Während der Herr (Realwirtschaft) gleichmässigen Schrittes seien Weg geht und sich von nichts ablenken lässt, was es beim Spaziergang rechts und links zu sehen gibt, reagiert der Hund (Finanzwirtschaft) sensible auf Einflüsse der Umwelt und springt seinem Herren mal voran, mal bleibt er hinter ihm zurück.

Fazit
Die Frage, ob Mikrofinanz ein Allheilmittel für die Bekämpfung der Armut ist, wird seit Jahren kontrovers diskutiert. In der Vergangenheit hat es an (scharfer) Kritik nicht gefehlt: 
Immer wieder tauchen Untersuchungen auf, welche die Wirksamkeit von Mikrofinanz infrage stellen:
Selbst führende Vertreter der Mikrofinanz warnen vor übertriebenen Erwartungen, wie Ben Simmes von Oikocredit International in einem Interview:

Darüber hinaus müssen wir anerkennen, dass Mikrofinanzierung nur eines von vielen Werkzeugen ist. Wenn es richtig eingesetzt wird, können arme Menschen es nutzen, um ihren Lebensunterhalt nachhaltig zu verbessern und zu sichern. Aber Mikrofinanz hilft nicht in jeder Situation. Ein Kleinunternehmer, der gerade über die Runden kommt, braucht häufig keinen Kredit, sondern eine Schulung in Finanzfragen oder eine praktische Weiterbildung in seinem Geschäftsfeld. Ein Kleinbauer braucht vielleicht zunächst einen fairen Zugang zu einem Markt, um seine Erzeugnisse verkaufen zu können. Hier bieten Bildungsprojekte und Genossenschaften oft wichtige Ansätze.
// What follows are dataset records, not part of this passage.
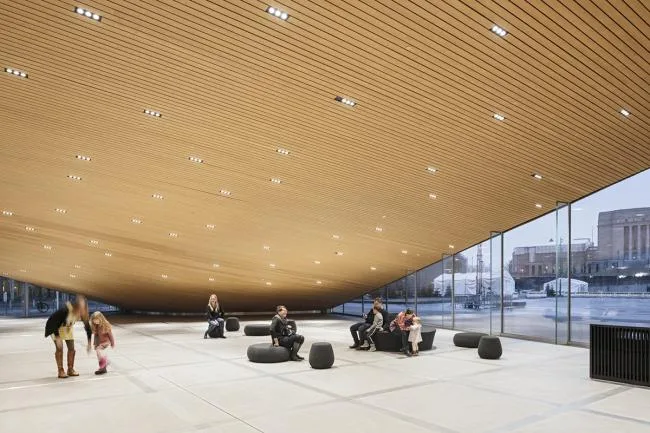 BIM Architecture | Oodi Helsinki Intermediate Library/ALA Architecture Firm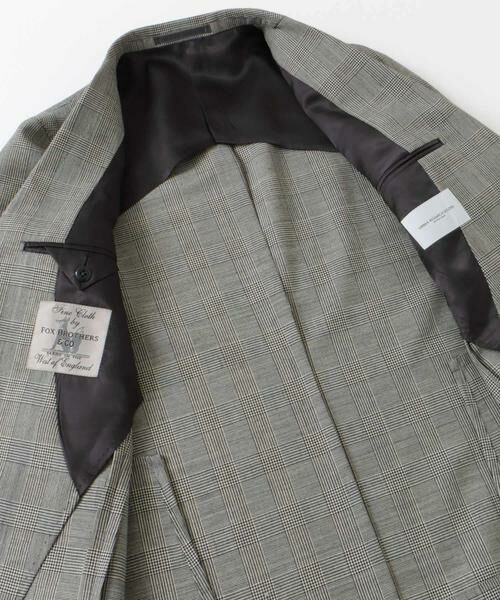 URBAN RESEARCH DOORS / アーバンリサーチ ドアーズ テーラードジャケット | LIFE STYLE TAILOR　FOX BROTHERS JACKET | 詳細10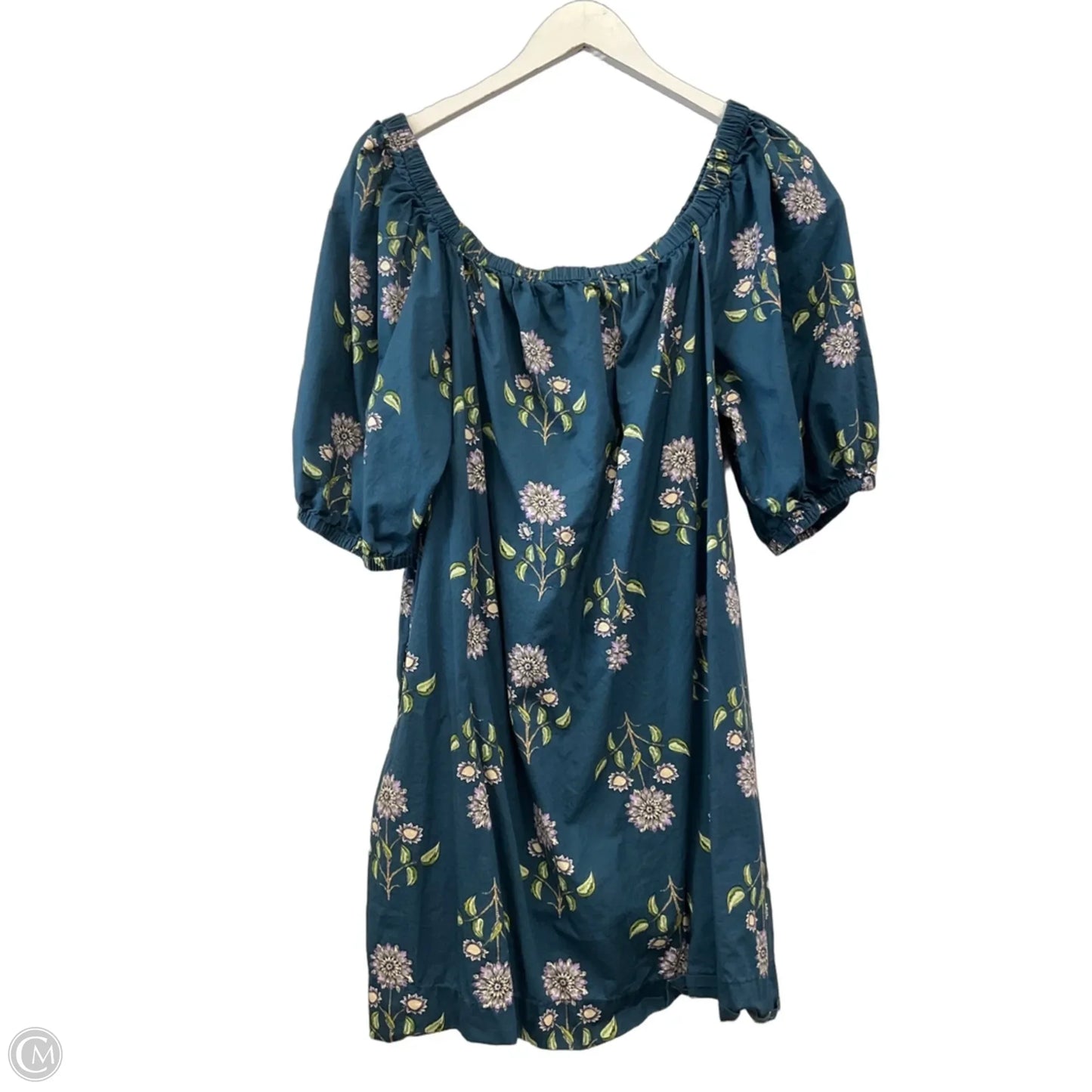 Dress Casual Short By Old Navy In Blue, Size: L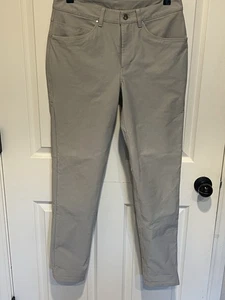 Lululemon Khaki Light Beige ABC Slim Pants Men Sz 30 - Picture 1 of 4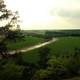 Late Afternoon from bluff at Cuivre River State Park, Missouri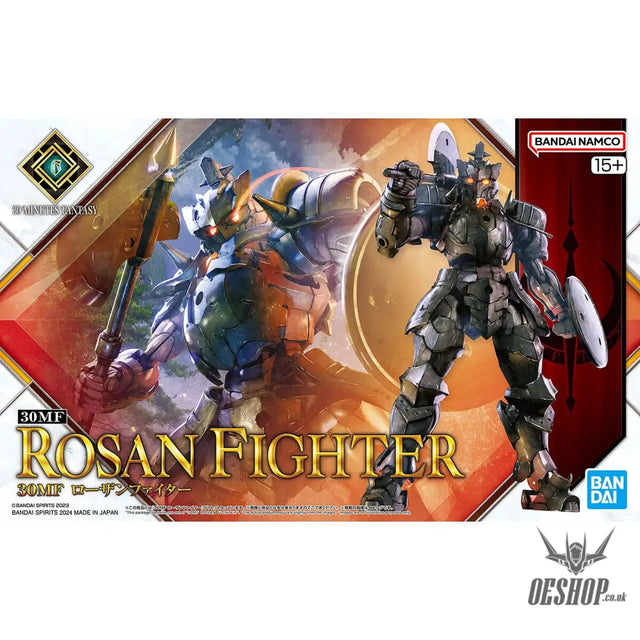 1/144 30 Minutes Fantasy 30MF 04 Rosan Fighter Scale Model Kits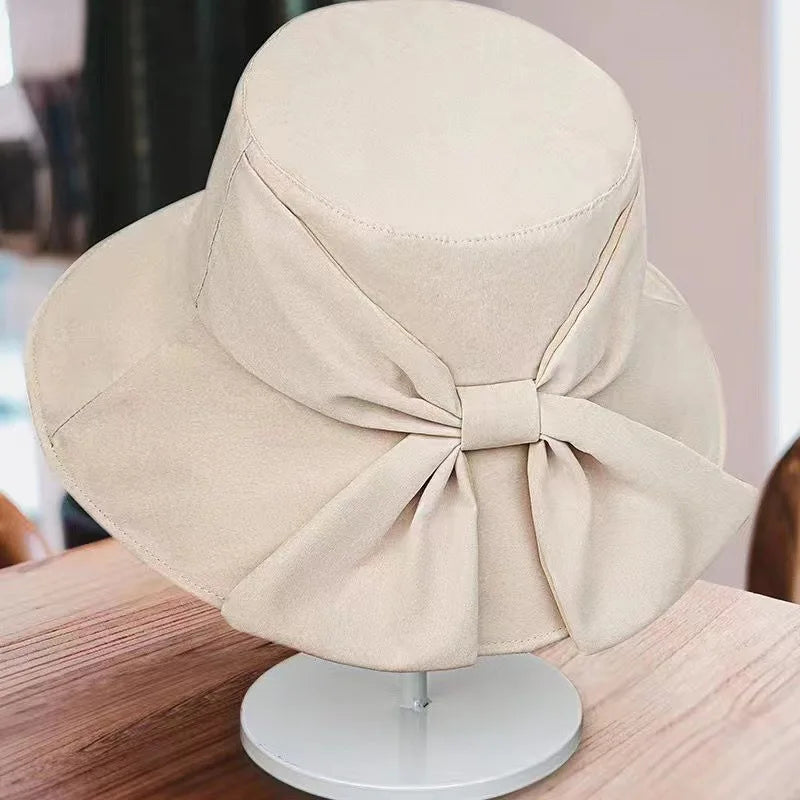 Women's Floral Acrylic Bucket Hat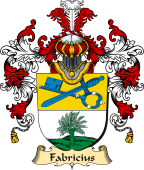 German Coat of Arms (v.25b) Fabricius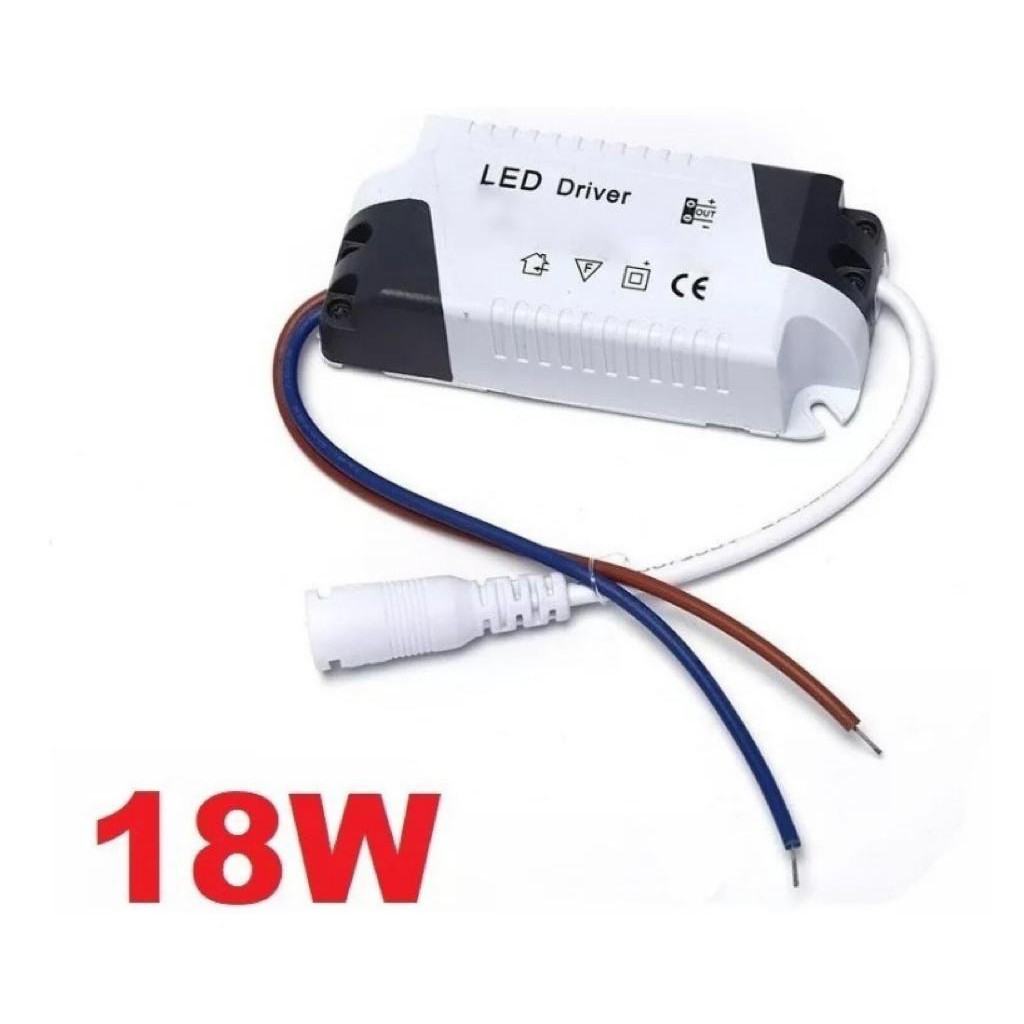 Reator Para Plafon 8-18w Drive Led Fonte Bivolt em Oferta na Shopee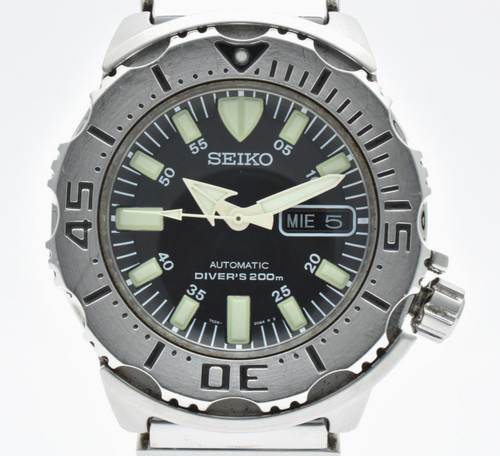 Seiko black monster - monster, gen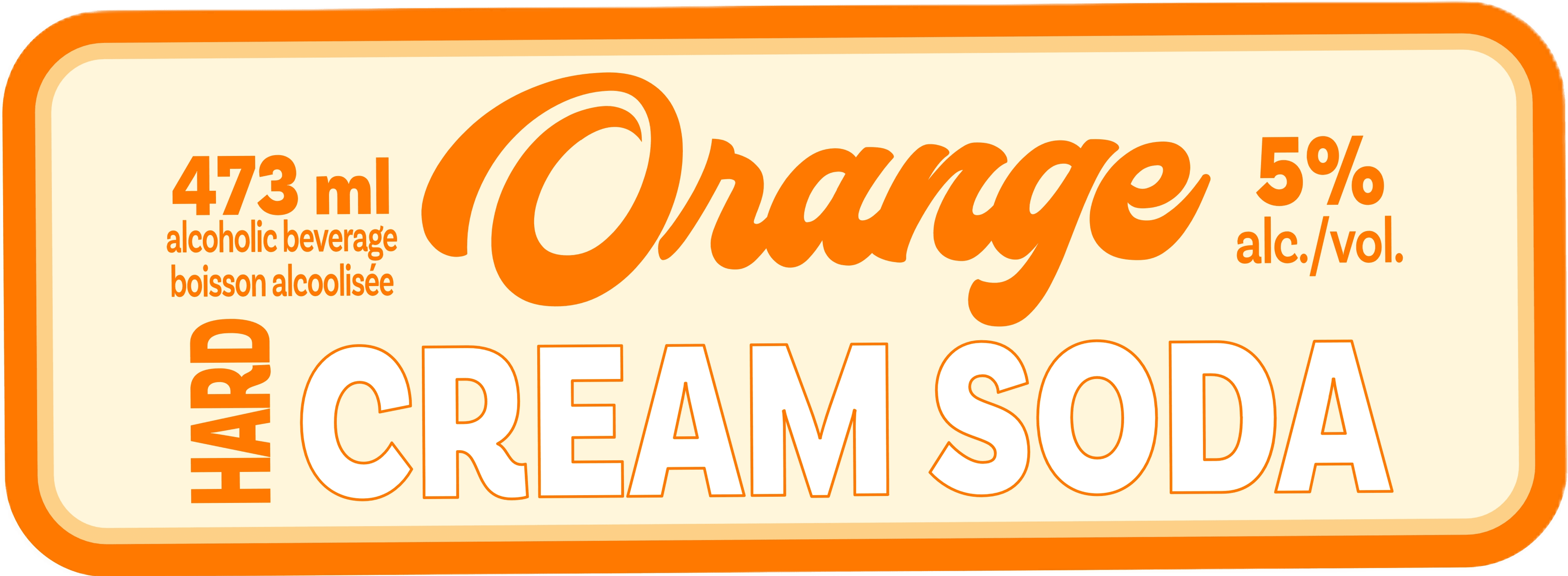 Orange button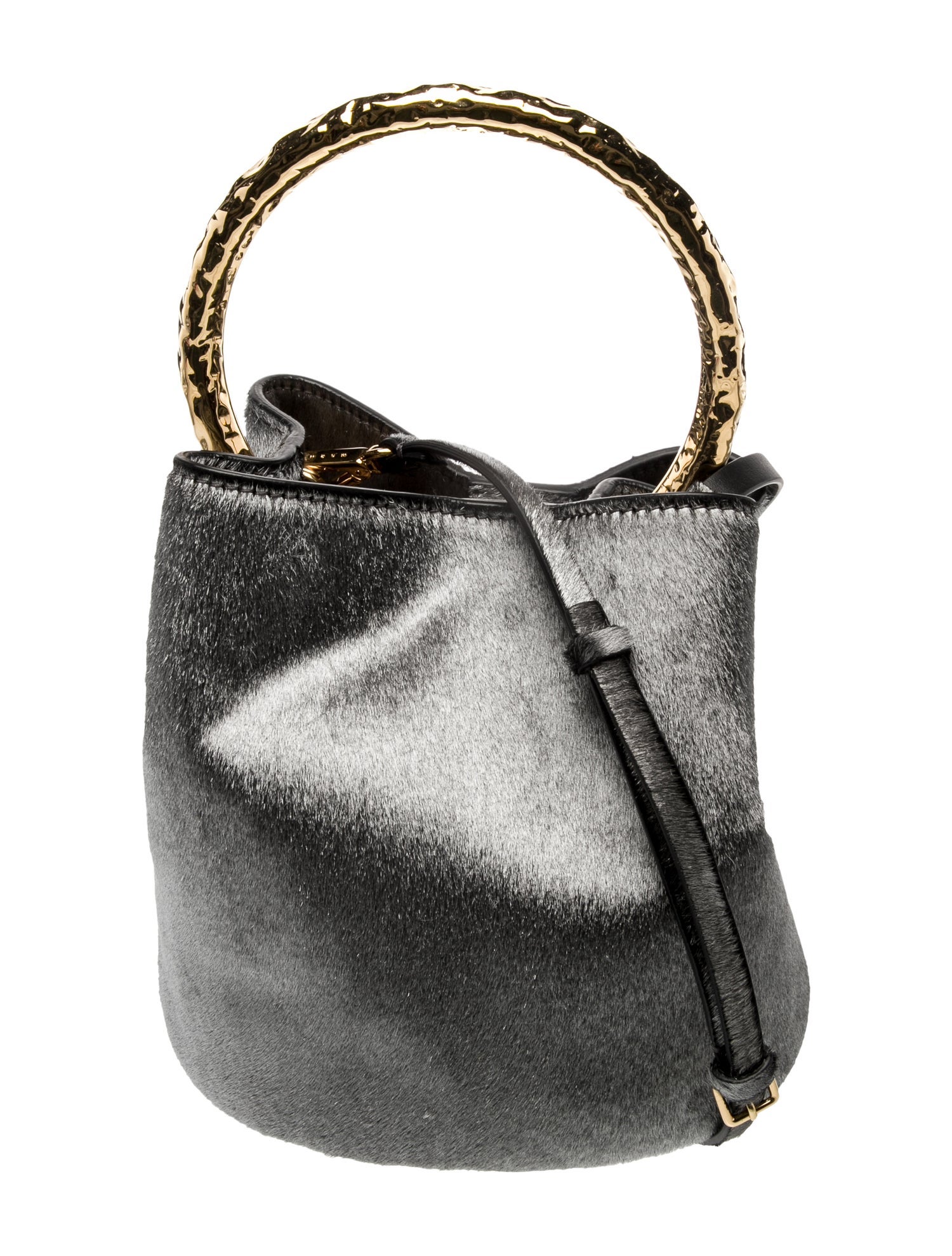 Marni Ponyhair Bucket Bag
Die Einschätzung erscheint mir zutreffend und ausgewogen. Mikrofinanz ist nicht das Allheilmittel; richtig dosiert und auf die Situation angepasst, kann es zur Bekämpfung der Armut beitragen. Brisant wird die Entwicklung dann, wenn der Kapitalmarkt Mikrofinanz als Anlageklasse bevorzugt und die Renditeerwartungen hoch schraubt. Ob die verschiedenen Regulatorien und Standards einer Goldgräberstimmung vorbeugen können? 
Das Verdienst der Autoren besteht darin, die verschiedenen Strömungen im Bereich MFI aus Sicht des Finanzmarktes übersichtlich zusammengestellt zu haben. Dabei argumentieren sie plausibel und logisch stringent. Kritikpunkte werden aufgegriffen, wie z.B. die Frage, ob es zu einem “Mission Drift” in Form höherer durchschnittlicher Kredite gekommen ist:

Höhere Durchschnittskredite können durchaus auch positive Aspekte haben. Zum einen kann es sein, dass anfängliche Kleinstkreditnehmer ihre Geschäftsaktivitäten zügig ausgebaut haben und ihre Kreditlimiten im Laufe der Jahre steigen. In diesen Fällen macht es keinen Sinn, wenn ein MFI eine funktionierende Geschäftsbeziehung beendet Zum anderen können auch makroökonomische Einflüsse den durchschnittlichen Betrag der Kredite erhöhen. Geht es einem Land wirtschaftlich besser – unter anderem auch wegen der Mikrofinanz -, werden die Kredite automatisch höher.

Alles in allem ein wichtiger und lesenswerter Diskussionsbeitrag, der eine bessere Orientierung ermöglicht, was nicht zwangsläufig heissen muss, alle Annahmen der Autoren zu teilen. Die weitere Entwicklung muss zeigen, ob und und inwieweit Mikrofinanz seinen Platz international behaupten und ausbauen kann.